Document Organization

The purpose of this document is to provide all the information needed by a new user to start using the common simulation platform (COTSon). The document is organized into two main parts: from page 5 to page 48 there is a general introduction and description of the simulation platform and its main components, while the rest of the document presents a set of examples demonstrating the use of the simulator for research activities within the TERAFLUX project (essentially, one example for each partner). Given this document organization, we decide to use sections from 15.1 to 15.4, devoted to the research example from UD, to integrate the content of Deliverable D8.3 - Final Results from the combination of UD and TERAFLUX dataflow techniques. Thus, example from UD describes the use of its DARTS run-time ported on the TERAFLUX platform. For the purpose of completeness, we added sections from 18.1 to 18.4, in which we describe the DRT (Dataflow Run-Time), essentially a simple run-time library that allows to test T* compliant applications directly on the host system. Also this section can be considered part of the Deliverable D8.3.
Relation to other deliverables

Since the work described in this deliverable refers to the activity of all the partners in using the common simulation platform for their specific research activities, this document shows relations to several other deliverables. In particular, as the reader will see by reading the rest of the document, the main relations are with:

- D2.1, D2.2, D2.3, D2.4: analysis and identification of dataflow potential target applications. Within the WP2, Thales has ported two main applications to the TERAFLUX execution model, as demonstrated in this document;
- D3.5: transactional memory and OWM memory support;
- D4.7: compiler technologies targeting dataflow applications;
- D5.4: resiliency techniques (e.g., fault detection mechanisms, etc.) and the OS support for reliable execution have been developed within the WP5;
- D6.3, D6.4: since the work carried out in WP6 refers to the development of the TERAFLUX architecture, several examples presented in this document clearly use the results coming from the WP6 (i.e., the TSUF, TSU4, and TSU++ models for the hardware TERAFLUX thread scheduler);
- D7.1, D7.2, D7.3, D7.4: this document is the result of the activity carried out within WP7 during the all project time-frame;
- D8.1, D8.2: this document presents the main results of the activity carried out in the context of WP8. In particular, UNISI and UD continued to exchange information regarding their respective execution models. The result of this cooperation (WP8) is the porting of UD runtime on the TERAFLUX system, as also demonstrated by the work in WP9;
- D9.1, D9.2, D9.3: this document presents an example showing the results obtained in the context of WP9.

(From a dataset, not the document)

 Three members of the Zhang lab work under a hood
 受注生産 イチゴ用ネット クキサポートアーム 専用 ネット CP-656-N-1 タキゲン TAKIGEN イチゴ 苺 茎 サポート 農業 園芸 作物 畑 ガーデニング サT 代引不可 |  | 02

Activities referred by this deliverable

This deliverable refers to the research carried out in Task 7.1 (m1-m51), Task 8.2 (m28-m51), and Task 8.3 (m28-m51). In particular, Task 7.1 covers an ongoing activity for the entire duration of the project that ensures the tools are appropriately disseminated and supported within the consortium.

As a summary of the previous work carried out in the context of WP7 (deliverables D7.1, D7.2, D7.3, and D7.4), during the first two years, the TERAFLUX partners started using COTSOn, and modified it in order to implement (test and validate) new features, to meet their research needs. As a result of this activity, we are able to boot a 1000+ cores machine, based on the baseline architectural template described in D7.1. The target architecture can exploit all the features added by the various partners to the common platform: this is very important for the integration of the research efforts carried out in the various TERAFLUX WPs. In particular, an initial FDU interface with the TSU (both DTS style and DDM style), has been described in D7.2, and further detailed in D7.3. Similarly, in D7.3 a first model for the development to monitor power consumption and temperature was reported. Finally, the D7.4, reports the result of an initial knowledge transfer activity. In particular, the document provides a description of the integration research activity through the COTSOn simulation platform, as progressed during the third year of the project, such as the development of the T* and TSU. Thanks to
an internal dissemination, partners have been also able to transfer their respective research knowledge to the other partners.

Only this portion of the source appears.